This is curious, and I'm not sure what could be causing your default DNS to fail initially (triggering the fallback to OpenDNS).
jbo5112 wrote:I don't know their business model
OpenDNS has several commercial services targeted at businesses. Their free services are supported by ads you get to see when you go to non-existent domain. There are various ways to disable that redirection if you so desire.

I understand some of your concerns, though have hopefully laid to rest some above. You are not the first to voice your concern/distrust of OpenDNS. Should Linux Mint instead use Google's DNS as a fallback DNS, there would be other users (if not some of the same) that would voice their concern/distrust of that. There's no pleasing everybody...

The intent of the Linux Mint developers is for those users for which their default DNS isn't working properly on Linux Mint, to not be without a DNS and so to be able to continue to use Internet (and perhaps do a search and figure out how to fix that issue). A common cause is running Linux Mint on a virtual machine with a misconfigured virtual network.
Image
TheForumTroll

Re: Disable OpenDNS

Post by TheForumTroll »

Is OpenDNS really added by default as fall-back?

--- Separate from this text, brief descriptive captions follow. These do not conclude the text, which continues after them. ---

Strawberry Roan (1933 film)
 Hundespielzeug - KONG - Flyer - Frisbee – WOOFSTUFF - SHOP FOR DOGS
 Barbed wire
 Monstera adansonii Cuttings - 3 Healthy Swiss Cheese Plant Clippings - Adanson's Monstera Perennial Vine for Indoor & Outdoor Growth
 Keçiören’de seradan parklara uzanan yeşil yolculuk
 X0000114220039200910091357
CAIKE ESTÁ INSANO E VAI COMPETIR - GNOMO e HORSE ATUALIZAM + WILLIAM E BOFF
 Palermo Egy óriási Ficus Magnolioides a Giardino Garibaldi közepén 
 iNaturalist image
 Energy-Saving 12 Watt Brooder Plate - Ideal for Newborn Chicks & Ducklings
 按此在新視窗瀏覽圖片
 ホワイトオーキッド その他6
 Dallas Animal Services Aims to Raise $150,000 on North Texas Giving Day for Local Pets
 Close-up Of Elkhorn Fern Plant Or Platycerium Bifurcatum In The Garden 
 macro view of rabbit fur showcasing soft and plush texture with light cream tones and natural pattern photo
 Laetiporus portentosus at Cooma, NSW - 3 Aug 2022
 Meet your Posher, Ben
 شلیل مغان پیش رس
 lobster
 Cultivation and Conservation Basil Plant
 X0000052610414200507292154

I'm sure some users would also hate to have Google's servers as a fall-back, but still, there isn't a lot of big DNS providers Mint could have chosen that are worse than OpenDNS. Google would be a lot better as they at least do not hijack anything. That or none at all. I don't really care for my own usage as I have my own DNS server, but it does smell a bit of Ubuntu to add it as default fall-back me thinks.
User avatar
xenopeek
Level 25
Level 25
Posts: 29459
Joined: Wed Jul 06, 2011 3:58 am

Re: Disable OpenDNS

Post by xenopeek »

TheForumTroll wrote:there isn't a lot of big DNS providers Mint could have chosen that are worse than OpenDNS.
That is a matter of personal opinion. OpenDNS is a reputable DNS provider, regardless of whether you ascribe to their business model. They are innovators and pioneers, for example with the DNSCrypt stack that makes it very hard for MITM attacks to take place even on public networks. With using Google DNS there would be immediate privacy concerns for many users, whether those are warranted or not. Would it be better to let users be stuck without a DNS? I personally don't think so. Perhaps it would be nice if users were notified about their DNS isn't working and a fallback being activated.
TheForumTroll wrote:but it does smell a bit of Ubuntu to add it as default fall-back me thinks.
Ubuntu has a different mission than Linux Mint, but it is respected as a solid package base on which Linux Mint has been built for years. Let's not take cheap shots at it. Canonical is developing its way to support the distro financially, as Linux Mint has its own way (donors and sponsors, but also ads and search engine revenue).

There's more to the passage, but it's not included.